Pour la deuxième fois dans la journée, les forces d’occupation israéliennes ont pénétré jeudi soir dans le village d’Al-Muallaqa, situé dans la campagne du gouvernorat de Quneitra, au sud-ouest de la Syrie. Ces incursions s’accompagnent d’opérations de nivellement des terres et d’arrestations, suscitant la colère de la population locale.
La chaîne de télévision syrienne Al-Ikhbariya a rapporté que ces opérations ont causé des dommages aux biens et aux moyens de subsistance des habitants. Plus tôt dans la journée, les forces israéliennes avaient également investi le village d’Al-Hiran et la colline d’Al-Diriyah, à l’ouest d’Al-Muallaqa, où un jeune homme a été arrêté et des terres rasées à l’aide de bulldozers, selon l’agence de presse syrienne SANA.
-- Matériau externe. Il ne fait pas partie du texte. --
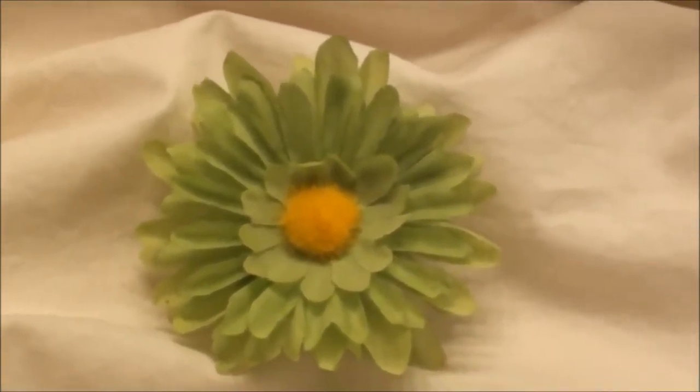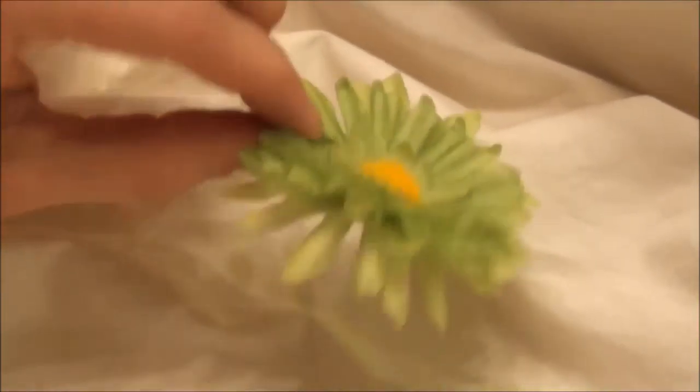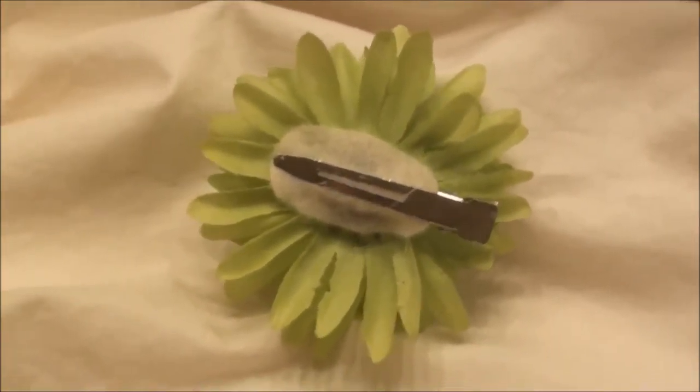This one's a lime green daisy. These ones are great for little ones, babies and toddlers, because they're really lightweight and they keep them in their hair, which is great for pictures. You know you always got to have those pictures for grandma.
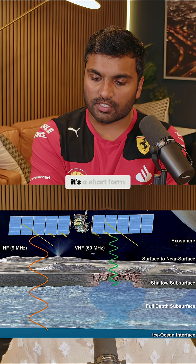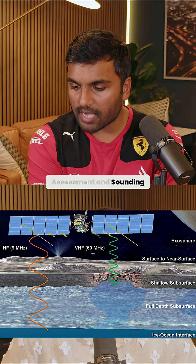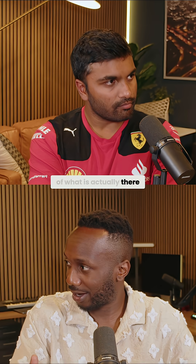There's also a radar system called REASON — it stands for Radar for Europa Assessment and Sounding: Ocean to Near Surface. The idea is it's going to be doing its detection at that ice layer and just slightly below it, so we'll have a much better picture of what is actually there.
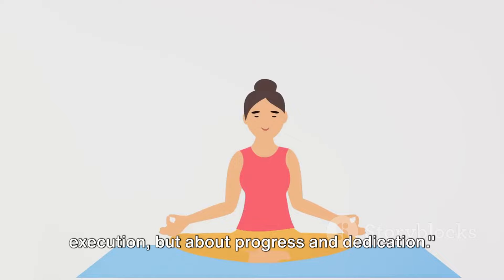Remember, yoga is not about perfect execution, but about progress and dedication.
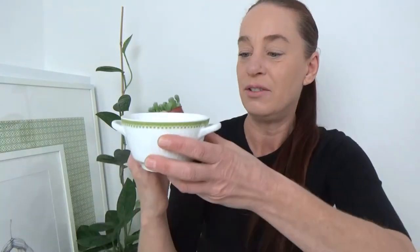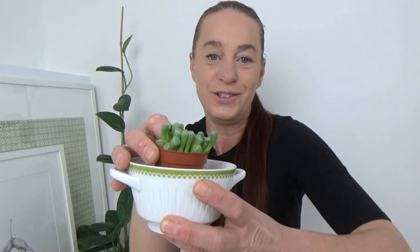Venustraria ropalophylla is actually from the same family as lithops, and the best container to use for a plant like this is one that is quite shallow. Even though this container is quite wide, it is not that deep, so with a little bit of terracotta in the bottom it is going to be a very nice fit, and I do think it will look very cute together.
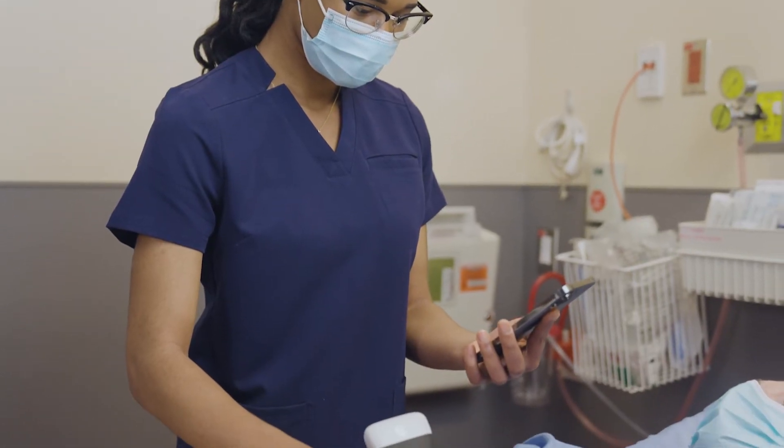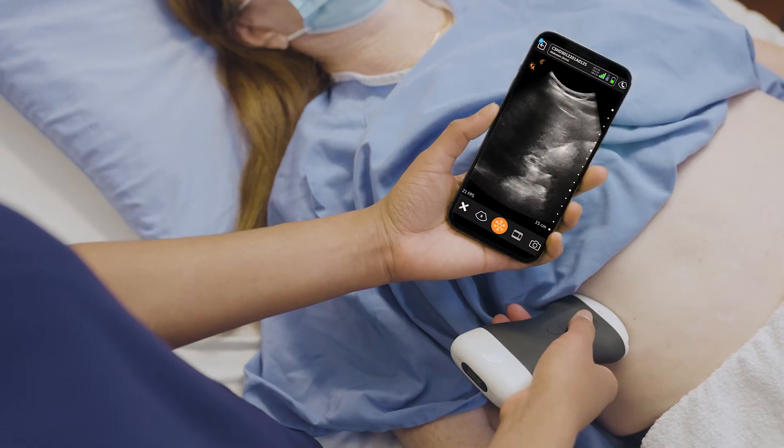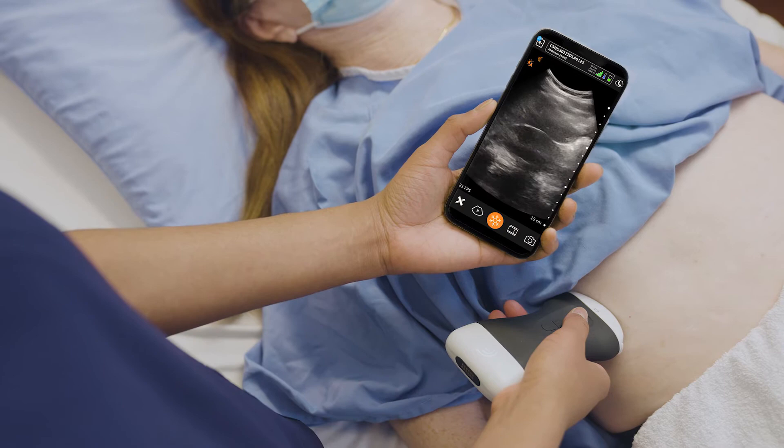I got involved with ultrasound as soon as I arrived in South Carolina 26 years ago, and I've just been fascinated with every realm of the technology.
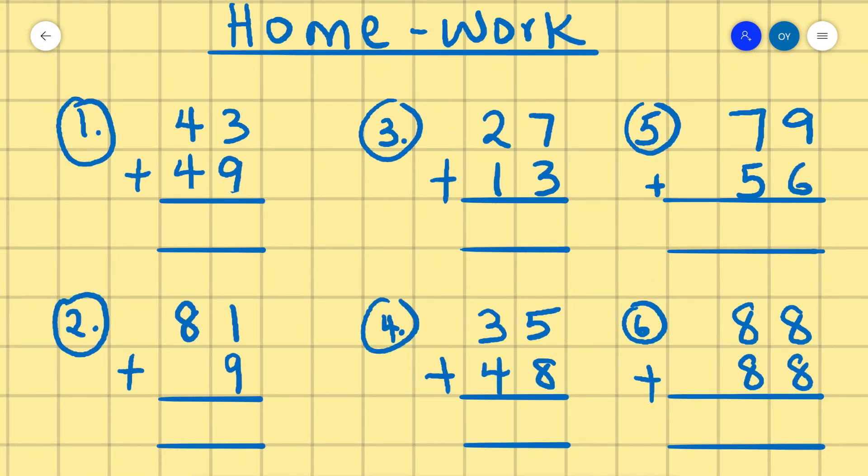Please try these questions at home. Number 1: 43 plus 49. Number 2: 81 plus 9. Number 3: 27 plus 13. Number 4: 35 plus 48. Number 5: 79 plus 56. Number 6: 88 plus 88. Remember to add and carry.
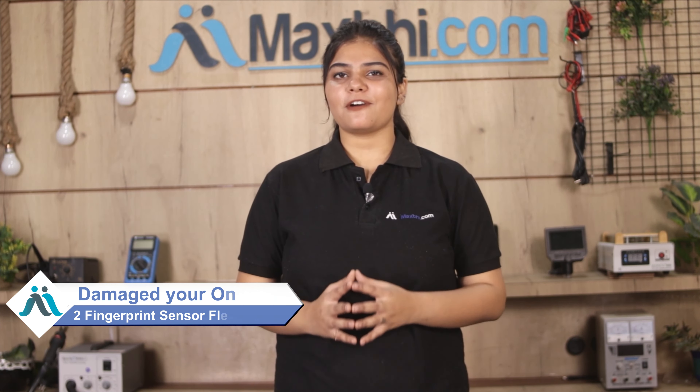Hi friends, this is Lucky from MaxBee.com. The fingerprint sensor flex cable has been damaged on your OnePlus 2's fingerprint sensor flex cable. Worried about the high repair cost of your smartphone?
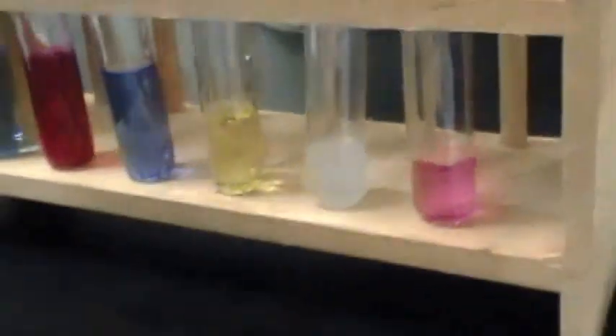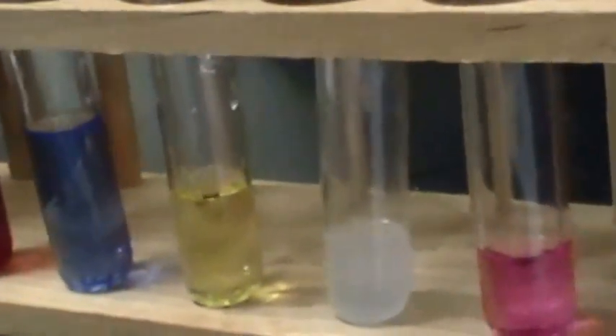Alright, so one milliliter — no change. Two milliliters — light blue change, but after we stir, no more blue. It's kinda tinted blue, only if you squint. It all disappeared.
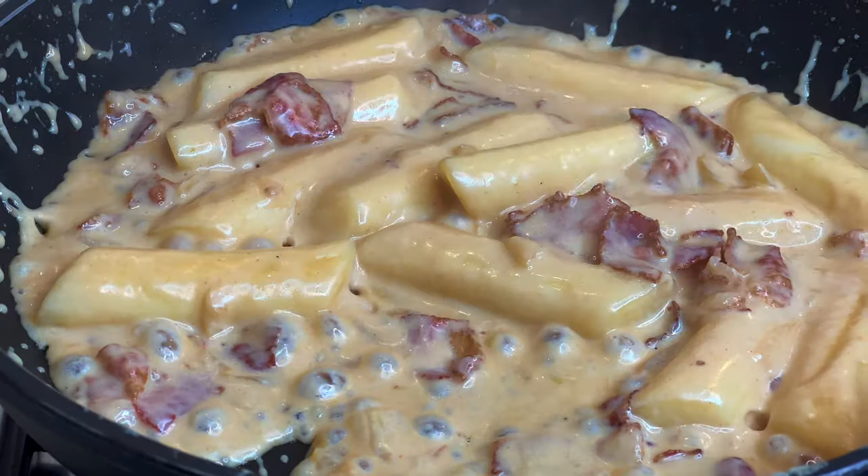Carbonara is the most famous Italian dish in the world. Today I'm going to try six variations of it from all over the world, to see if the original and strict one is actually the best one.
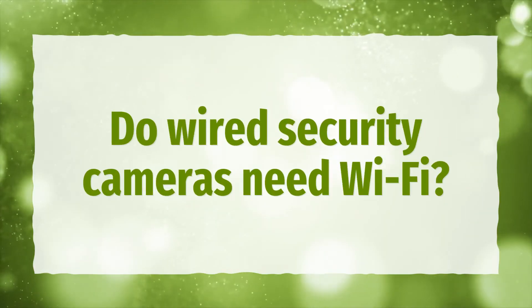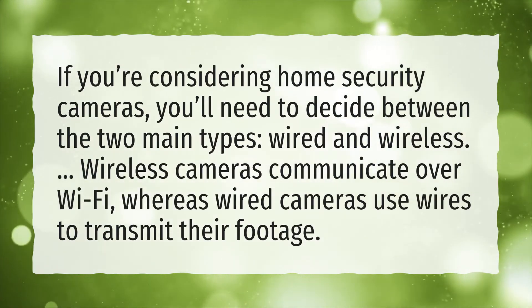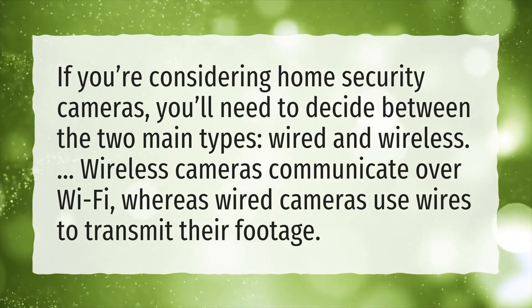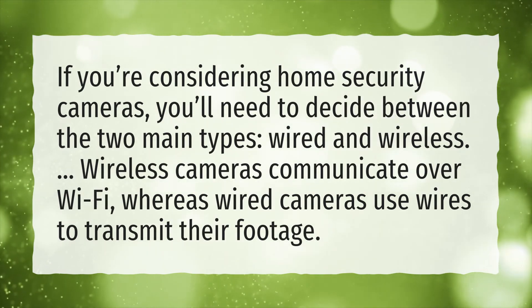Do wired security cameras need Wi-Fi? If you're considering home security cameras, you'll need to decide between the two main types: wired and wireless. Wireless cameras communicate over Wi-Fi, whereas wired cameras use wires to transmit their footage.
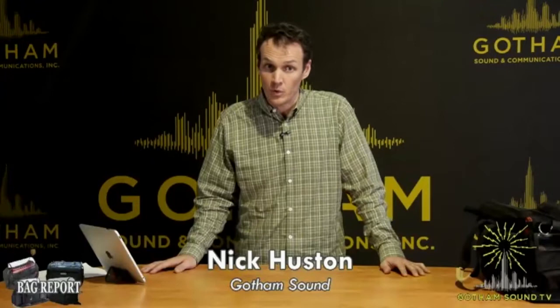Welcome to Gotham Sound's live stream about bags. I'm calling it the Bag Report — all about bags, everything you wanted to know about bags and more. I'm Nick Houston, Sales Manager here at Gotham Sound.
Ces actions s’inscrivent dans une série d’incursions quasi quotidiennes des forces israéliennes dans le sud de la Syrie, notamment dans la région de Quneitra. Ces opérations incluent des arrestations, l’installation de postes de contrôle et la destruction de forêts, alimentant un sentiment de frustration et de colère au sein de la population.
Malgré l’absence de menace directe du gouvernement syrien, l’armée israélienne continue de lancer des frappes aériennes en Syrie, ciblant des civils, des sites militaires, des armes et des munitions appartenant à l’armée syrienne.
Sur le plan diplomatique, le représentant de la Syrie auprès des Nations Unies, Ibrahim Olabi, a réaffirmé l’engagement de Damas envers l’accord de désengagement conclu avec Israël en 1974, tout en dénonçant les violations continues de cet accord par Tel-Aviv.
« À l’heure où le gouvernement syrien et la communauté internationale cherchent à instaurer la stabilité en… le Moyen-Orient, Israël s’efforce de déstabiliser cette stabilité. »
Ibrahim Olabi, représentant de la Syrie auprès des Nations Unies
Plusieurs pays ont exprimé leur préoccupation. Le représentant de la France auprès des Nations Unies, Jérôme Bonafon, a appelé Israël à se retirer des territoires syriens occupés depuis décembre 2024. Il a souligné la nécessité pour Israël de respecter la souveraineté et l’intégrité territoriale de la Syrie et de mettre fin à ses incursions.
Le délégué britannique par intérim a également appelé Israël à respecter l’intégrité territoriale de la Syrie, avertissant que les attaques israéliennes risquaient de déstabiliser davantage le pays. La Turquie, représentée par Asli Guven, a souligné que les attaques israéliennes entravaient les efforts de consolidation de la sécurité et de la stabilité en Syrie.
En réponse, le délégué israélien auprès des Nations Unies a affirmé que Tel-Aviv défendrait ses frontières nord et empêcherait les groupes qu’il qualifie de « terroristes et militants » d’opérer à proximité.
Israël occupe une grande partie du plateau Golan depuis 1967. Des négociations entre Damas et Tel-Aviv sont en cours pour parvenir à un accord de sécurité, mais la Syrie exige en préalable un retour à la situation antérieure au 8 décembre 2024, date à laquelle Israël a annoncé l’échec de l’accord de désengagement de 1974 et a occupé la zone tampon syrienne.